Once again, jingoism and the flailing economy collide. The most prolific and steadily unappetizing macrobrew distiller in America, Anheuser-Busch, has agreed to a $52-billion takeover offer from Belgian-based, Brazilian-operated InBev this week, thus adding itself to the list of things-available-to-but-no-longer-of America. Think tech support, celebrity childbirth, and Madonna.

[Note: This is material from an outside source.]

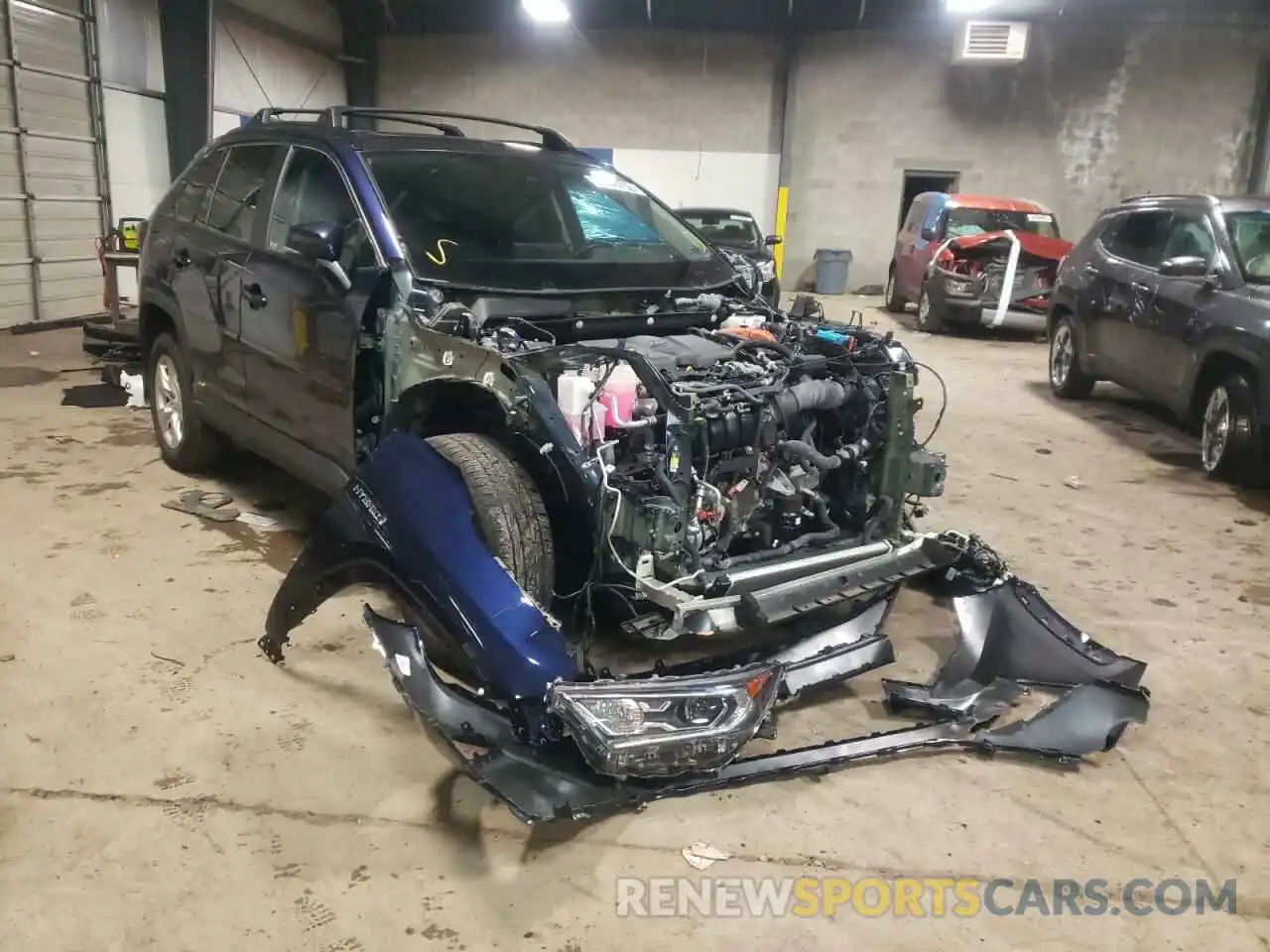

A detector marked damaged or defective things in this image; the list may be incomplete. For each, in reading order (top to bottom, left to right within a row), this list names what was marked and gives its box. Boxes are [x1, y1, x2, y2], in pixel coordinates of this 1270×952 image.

Anyhow, patriotic residents of St. Louis and beyond are outraged that foreign interlopers are making off with their corporation. The Wall Street Journal ran a story to that effect in its Saturday edition, derisive if only because apparently no amount of sensitivity can make Missouri look self-aware:
Jordan Moore took the news that his beloved Budweiser could soon fall into foreign hands very personally: He decided he would scrap his plan to get the logo of the King of Beers tattooed on his right rib cage. "I'll tell you one thing," said the 21-year-old concrete worker during his lunch break at The Brick of St. Louis bar, in the shadow of this city's storied Anheuser-Busch Cos. brewery, "if Budweiser is made by a different country, I don't drink Budweiser anymore. I'll go back to Wild Turkey." (Wild Turkey, a Kentucky bourbon, is owned by French drinks giant Pernod Ricard SA.)
Of course, Moore isn't alone in his confusion. There's a whole site devoted to keeping Bud American where you can buy SaveBudweiser T-shirts and listen to protest songs like "No Bud to Belgium." (The dollar is weak and the Euro is strong/ but Bud to Belgium is just plain wrong.)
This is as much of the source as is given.